Tutorials10 min read

How to Build a Chatbot with Claude API: Complete Tutorial (2026)

Step-by-step tutorial to build a production-ready chatbot using the Anthropic Claude API. Covers multi-turn conversations, streaming, system prompts, and tool use.

How to Build a Chatbot with the Claude API (2026 Tutorial)

Most "build a chatbot" tutorials give you a single-question toy that breaks the moment a real user types anything. This guide skips the shortcuts. You'll build a production-ready chatbot using the Anthropic Claude API — one that handles multi-turn conversations, streams responses token-by-token, respects a custom system prompt, and calls external tools when it needs live data.

By the end you'll have a working Python chatbot you can embed in a web app, Slack bot, or CLI tool — and you'll understand why each piece exists, which is what the Claude Certified Architect exam tests.

What You'll Build

  • A CLI chatbot with persistent conversation memory
  • Streaming output (tokens appear as Claude generates them)
  • A configurable system prompt for persona control
  • One tool integration (live weather via a mock function)
  • Clean error handling for rate limits and API errors

Prerequisites: Python 3.10+, an Anthropic API key, and basic familiarity with pip.

Step 1: Install the Anthropic SDK and Set Up Your Project

bashpip install anthropic python-dotenv

Create a .env file in your project root:

ANTHROPIC_API_KEY=sk-ant-...

Then create chatbot.py:

pythonimport os
from dotenv import load_dotenv
import anthropic

load_dotenv()
client = anthropic.Anthropic(api_key=os.environ["ANTHROPIC_API_KEY"])

The Anthropic client is thread-safe and designed to be instantiated once. Don't create a new client per request in production — it re-reads credentials and opens new connections unnecessarily.


Step 2: Send Your First Message

The Claude API is a Messages API, not a completion API. Every call takes a list of messages and returns a response you append to that list. This is the mental model that makes multi-turn conversations trivial.

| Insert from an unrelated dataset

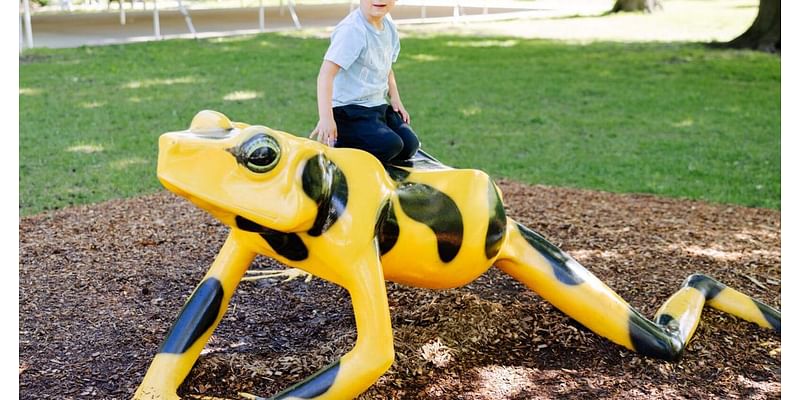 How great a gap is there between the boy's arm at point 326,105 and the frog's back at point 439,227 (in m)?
0.27

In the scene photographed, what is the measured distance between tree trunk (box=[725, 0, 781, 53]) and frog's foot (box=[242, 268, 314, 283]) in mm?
11902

pythonresponse = client.messages.create(
    model="claude-sonnet-4-6",
    max_tokens=1024,
    messages=[
        {"role": "user", "content": "What is the Anthropic Constitution?"}
    ]
)

print(response.content[0].text)

Run it. You should see Claude's answer. Notice what response contains:

pythonprint(response.stop_reason)   # "end_turn" or "max_tokens"
print(response.usage)         # input_tokens, output_tokens

Tracking usage per call is how you monitor costs. At claude-sonnet-4-6 pricing (roughly $3/M input, $15/M output), a 1,024-token response costs about $0.015 — trivial in testing, but it adds up at scale.


Step 3: Add Multi-Turn Conversation Memory

A chatbot that forgets what you just said isn't a chatbot — it's a fancy search box. Multi-turn memory in the Messages API is explicit: you maintain the conversation list yourself and pass the full history on every call.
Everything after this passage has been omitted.